___ PROVIDED RECORDS ___

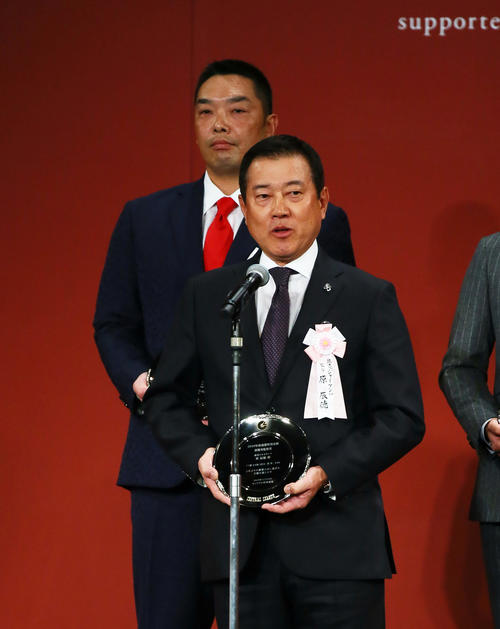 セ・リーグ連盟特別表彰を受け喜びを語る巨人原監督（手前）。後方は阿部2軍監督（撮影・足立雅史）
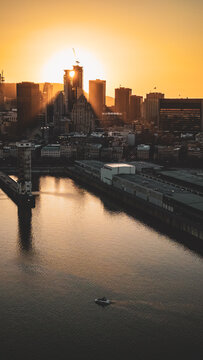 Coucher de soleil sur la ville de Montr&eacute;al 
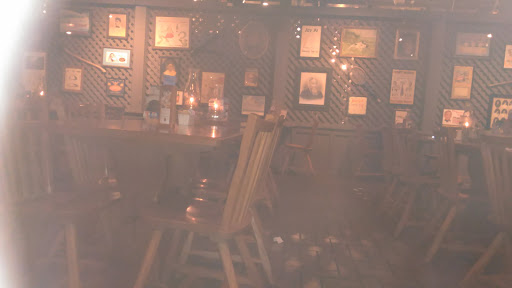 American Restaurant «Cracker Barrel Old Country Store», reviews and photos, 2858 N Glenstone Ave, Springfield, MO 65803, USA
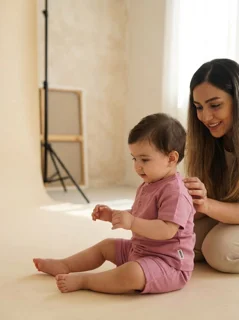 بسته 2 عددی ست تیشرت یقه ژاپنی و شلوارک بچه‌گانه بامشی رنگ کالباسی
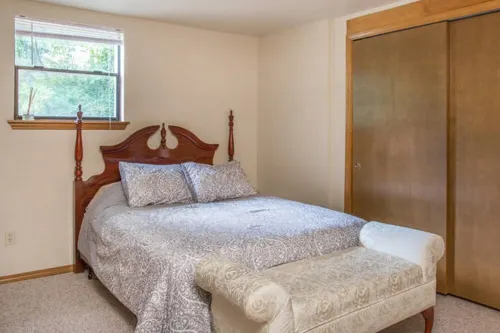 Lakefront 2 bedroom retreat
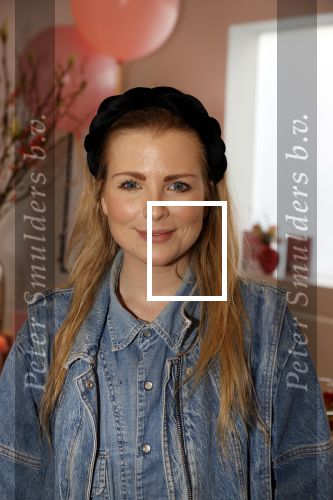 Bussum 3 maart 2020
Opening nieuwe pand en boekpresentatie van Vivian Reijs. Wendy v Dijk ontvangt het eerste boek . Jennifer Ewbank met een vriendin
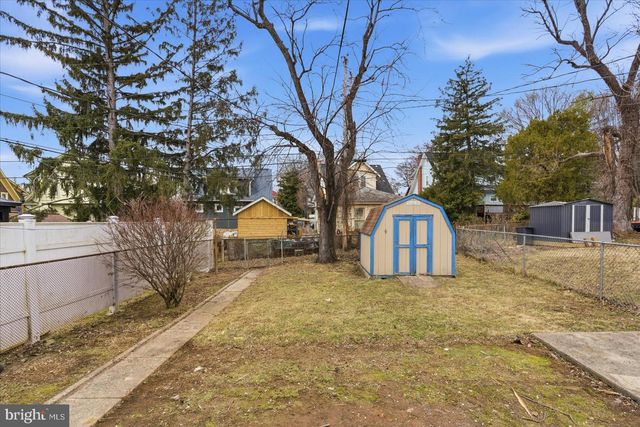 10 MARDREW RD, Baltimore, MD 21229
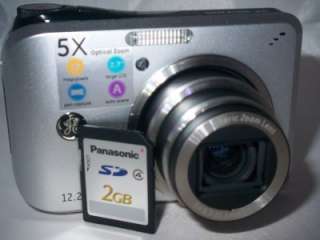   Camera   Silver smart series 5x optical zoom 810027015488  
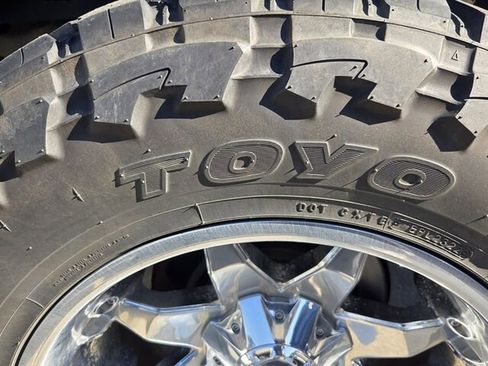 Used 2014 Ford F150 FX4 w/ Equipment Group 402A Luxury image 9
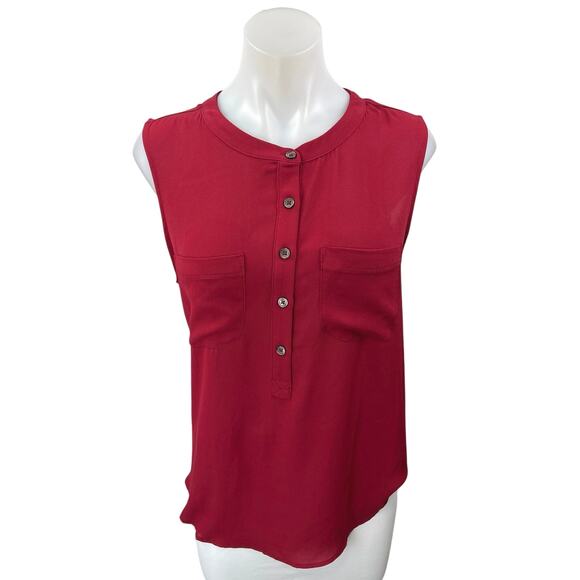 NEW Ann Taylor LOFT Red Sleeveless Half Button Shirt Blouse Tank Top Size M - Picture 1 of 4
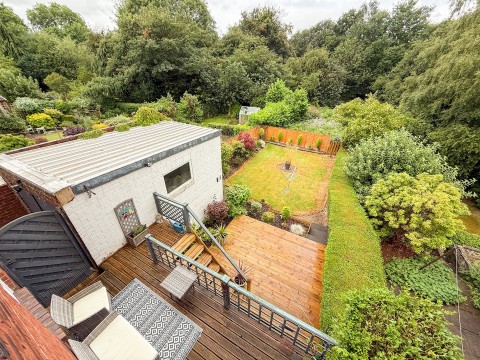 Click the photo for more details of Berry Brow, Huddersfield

___
___ PROVIDED RECORDS ___

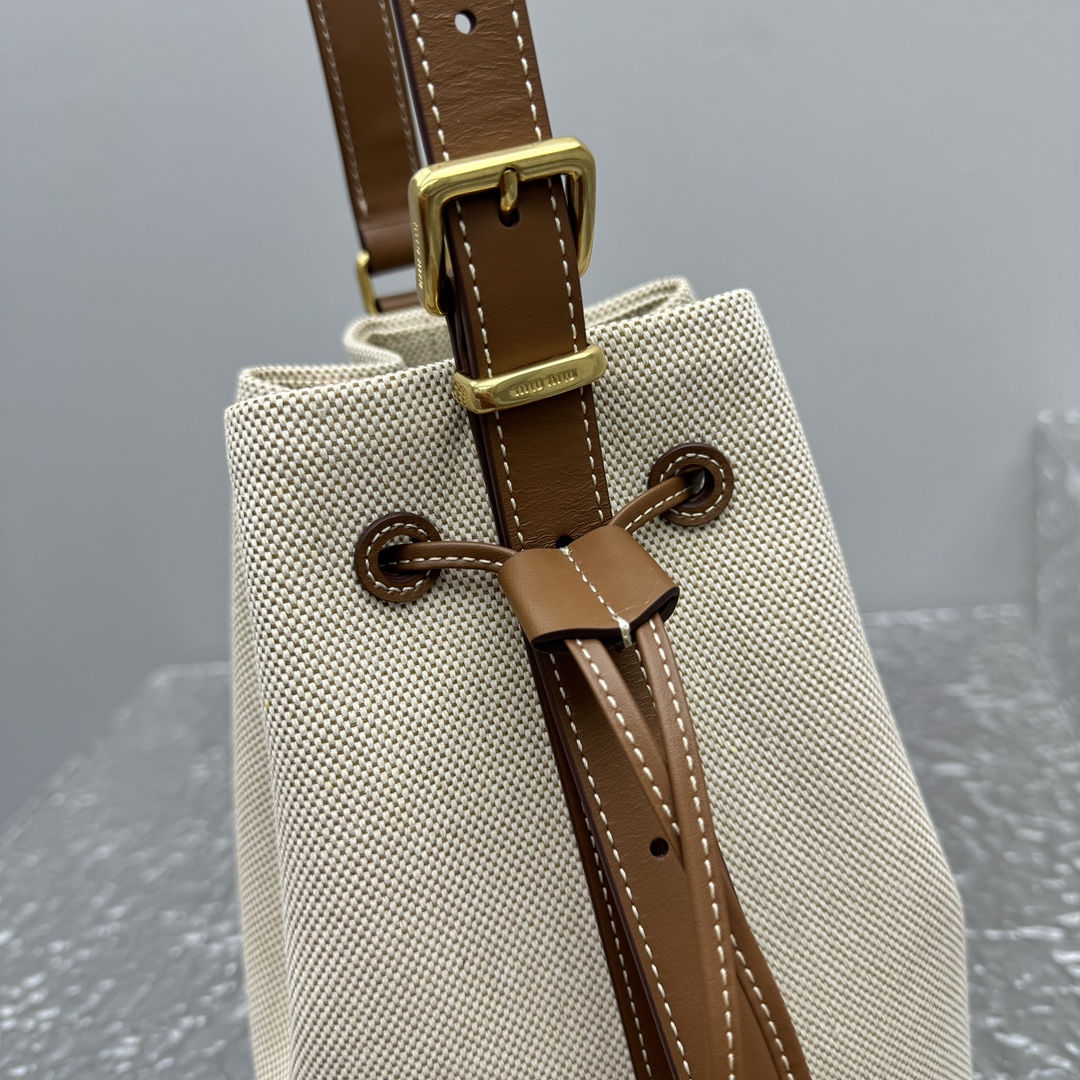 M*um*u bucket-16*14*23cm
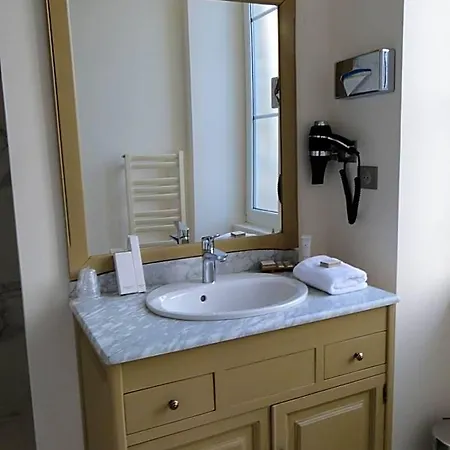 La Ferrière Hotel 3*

___

■ **YOUR OBJECTIVE**:
Within the listing above, extract exactly the lines that run from the one containing "Used 2014 Ford" through the one containing "Click the photo", excluding any pictures.

■ **RESPONSE TO THE TASK**:
 Used 2014 Ford F150 FX4 w/ Equipment Group 402A Luxury image 9
 NEW Ann Taylor LOFT Red Sleeveless Half Button Shirt Blouse Tank Top Size M - Picture 1 of 4
 Click the photo for more details of Berry Brow, Huddersfield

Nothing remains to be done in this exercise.